This concert was dedicated to Elsie Von Maur, a talented pianist and an avid Quad City Symphony supporter who, according to many who have known her, is the “mother of the symphony,” a “visionary,” and a “rock of cultural stability.” The dedication of this concert to Elsie, who will turn 104 this year, gave the experience a more meaningful aura, as I thought about the beauty of the symphony and the dedication of the woman who helped make it possible.
The final concert of the symphony’s 90th season began with a whimsical piece by Cindy McTee: Circuits – A Concert Overture for Orchestra. The percussionists got a workout with this piece, banging intermittently on cowbells, metal plates, wood blocks, a vibraphone, and a glockenspiel. The rhythmic, sharp cracks produced by the percussion section were accompanied by cartoon-like melodies, which were passed throughout the orchestra. A modern piece that was just plain fun, Circuits got the night rolling.

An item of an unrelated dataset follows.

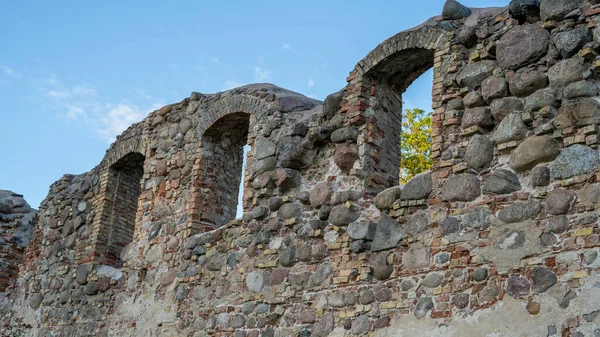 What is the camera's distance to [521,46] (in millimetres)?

Next, Horacio Gutierrez joined the orchestra for Sergei Prokofiev’s Concerto No. 3 in C Major for Piano & Orchestra, Op. 26. I appreciated Gutierrez’s skill and sensitivity, but I don’t think the piece was supposed to be enjoyable. Dissonance, hard melodies, and what the program calls “deliberate grotesquery” made the piece hard to listen to. Gutierrez, who has played with major orchestras worldwide, pounded, slapped, coaxed, ripped, and prodded the notes from the piano as the orchestra raced alongside.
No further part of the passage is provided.